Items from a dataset
────────
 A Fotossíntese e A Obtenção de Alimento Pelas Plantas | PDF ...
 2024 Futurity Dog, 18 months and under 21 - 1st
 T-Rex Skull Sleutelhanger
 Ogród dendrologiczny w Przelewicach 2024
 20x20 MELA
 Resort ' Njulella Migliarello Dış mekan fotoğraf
────────
▸ **Problem to work on**
Lines from the one that contains "2024 Futurity Dog, 18" through the final line of the entries must be duplicated exactly, and no other lines.

▸ **Exercise result**
 2024 Futurity Dog, 18 months and under 21 - 1st
 T-Rex Skull Sleutelhanger
 Ogród dendrologiczny w Przelewicach 2024
 20x20 MELA
 Resort ' Njulella Migliarello Dış mekan fotoğraf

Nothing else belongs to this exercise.